Eric: No actually, we’re very happy about the evil or the lack of evil comments. My own view on Google and where we are now is it we are facing the kind of criticisms that you're referencing because we are a company that is a disruptor. And we are also a company of significant scale. And I think we all agree to that. And we are in the information business and people care a lot of information for many legitimate reasons. And by the way the rule is different from country to country. So we have to deal with different standards, different social standards, different cultural standards to what people want.

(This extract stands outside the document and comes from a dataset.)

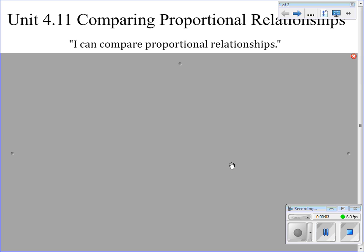This is the last video for this packet. It's going to be video 4.11, comparing proportional relationships. With this video, we are going to use unit rate or slope to help predict either distances or times that happen to fall either in between intervals or maybe future intervals.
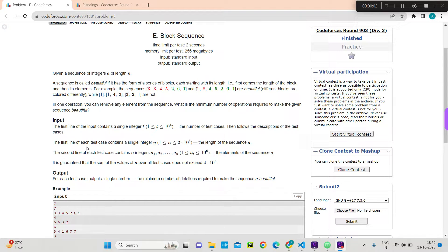Hello guys, welcome back to my YouTube channel. Today I'm going to discuss problem E titled 'Block Sequence' from yesterday's Codeforces contest Round 903 Division 3. Let's understand the problem statement first — it was pretty straightforward, and this problem basically involves the approach of dynamic programming. I will explain how to recognize that this problem involves DP.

So from our perspective, the principle of do no evil was not a rule in the sense that there was a defining line and you may do this and you may not do that, but it was more a practice. That If something appears evil, it’s okay in our culture for an employee of any kind to say anywhere, to say I think that’s evil. And it forces the conversation. So it’s a way of our culture, if you will, correcting around, maybe we’re making a mistake or maybe we’re too aggressive here or we’ retoo greedy here or what have you. And as long as we’re focus on end user benefit, we should be just fine.
Molly: And so interesting because it feels like that’s always been your position and yet you make people kind of nervous. What do you think it is about Google at this point that makes people feel generally uneasy with? A lot of user question just saying, I'm scared. You have all of my stuff. Are you skynet? What do you think it is, is the size? Is it the information?
Eric: I think it’s a combination of size and scale, and we work hard to communicate our values a company. We also make it easier for people who are dissatisfied with Google to leave Google. We have the strangely named Did A Liberation Front Group, whose job is to get information out of Google and to our competitor’s systems. So we think that consumer is not only can trust us because of our public statements, plus if we violated them we would be sort of destroyed in the media and our brand. But also, we would do it for other reasons, good moral reasons. And finally we want to keep them as a customer. We make it easy for them to search.
Tom: I wanted to just go back to the evil notion for a second and just ask real quick. Has your cultural definition of evil change as you’ve grown from a smaller company focus almost exclusively on search to a company that is doing so many different things right now?
Eric: The significant change I think has been the globalization of the company. Because there are things which are not evil in America which are evil in other cultures.
Tom: And vice versa.
Eric: And vice versa. So there had been a number of cases, which I’d rather not go in to, where we had robust conversations, if you will. Where an employee or a group say, look this is just wrong. But it’s okay with American sensibilities, and vice versa. And we've taken the position that we are a global company, not just an American company. We have to represent and respect that. Certainly, the China decision, which is very controversial at the time, but I think ultimately the right one for us, is another example of a tortured internal discussion which ultimately came to roughly the right outcome.